Why: Rocket engines are rated according to specific impulse: how much momentum they transfer to the rocket in the process of ejecting their exhaust gases. This impulse is the product of how hard the engine pushes (the thrust) times how long the engine pushes (the burn time). In this question, the burn time isn't changing, but the specific impulse is going up by a factor of 75. That means that the thrust must also go up by a factor of 75.

6. Calculating exactly how fast a rocket will travel after ejecting all of its fuel as exhaust is complicated by the fact that the rocket's speed changes while its engine operates. For simplicity, suppose that a rocket could eject all of its fuel at once, while the rocket is still at rest. Now suppose that the total mass of the rocket consists of 1 part spaceship and 10 parts of fuel. Explain why the spaceship portion of the VASIMR rocket would reach a final speed of 3,000 km/s.

Answer: The rocket starts with zero total momentum so its parts must end up with zero total momentum. The fuel portion, with 10 parts of mass, and the ship portion, with 1 part of mass, must each end up with same amount of momentum in opposite directions. Since the fuel ends up with a speed of 300 km/s, the ship must end up with a speed of 3,000 km/s in the opposite direction in order for their momenta to sum to zero.

When the two "objects" separate, ship and fuel, they continue to have zero total momentum. Since the ship has only one-tenth the mass of the fuel, it must have ten times the speed of the fuel. That way, they both have the same amount of momentum but in opposite directions.

7. The VASIMR-powered rocket must be careful not to eject its fuel too quickly because that would injure the astronauts on board.

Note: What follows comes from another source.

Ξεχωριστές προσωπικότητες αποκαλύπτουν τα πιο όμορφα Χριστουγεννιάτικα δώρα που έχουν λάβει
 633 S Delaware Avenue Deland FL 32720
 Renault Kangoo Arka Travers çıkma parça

Why would sending out too much fuel each second at the 300 km/s exhaust speed of the VASIMR engine injure the astronauts? (Note that this question has nothing to do with radiation sickness problems or anything like that.)

Answer: Sending out too much fuel each second will produce too much thrust. The ship will accelerate so quickly that the forces exerted on the astronauts to keep them accelerating with the ship will injure the astronauts.

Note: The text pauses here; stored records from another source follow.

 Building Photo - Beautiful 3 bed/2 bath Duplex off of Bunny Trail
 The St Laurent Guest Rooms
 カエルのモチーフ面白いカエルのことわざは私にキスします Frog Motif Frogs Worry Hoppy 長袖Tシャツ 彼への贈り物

Why: At more than a few times the acceleration due to gravity (a few g's), the forces required to keep an astronaut accelerating along with the ship will cause internal damage to the astronauts. Furthermore, the astronauts will pass out because their circulatory systems won't be able to keep the blood moving properly in the direction of the acceleration.

8. Getting to mars is one thing; stopping for a visit and then returning to earth is another. If the rocket needed to be 10 parts fuel to 1 part rocket in order to move quickly enough to travel past mars in a short amount of time, what would it have to be (in terms of parts fuel to parts rocket) to reach mars in a short amount of time, stop for a visit, and then return to the earth in a similar short amount of time, and stop here?

Answer: The rocket would have to be about 10,000 parts fuel to 1 part rocket. (Actually, 14,641 parts fuel to 1 part rocket, but that's unnecessarily exactly.)

Why: To get up to speed on its way to mars, the rocket must eject all but about 10% of it mass as exhaust. Stopping the rocket upon arrival at mars is just as difficult as starting, so the rocket must eject all but about 10% of its remaining mass as exhaust. To get up to speed on its return, it must again eject all but about 10% of its remaining mass as exhaust. And finally, it must eject all but about 10% of its remaining mass as exhaust to come to a stop at the earth. The overall ship portion of the original rocket is 10% of 10% of 10% of 10% or 0.01% of the original rocket. The original rocket must be about 99.99% fuel and 0.01% ship. Not likely. The more exact fraction comes from the fact that each step requires that all but 9.0909% of the remaining mass be ejected as fuel. Taking that percentage 4 times gives only 0.00683% or, even more exactly, 1/14641.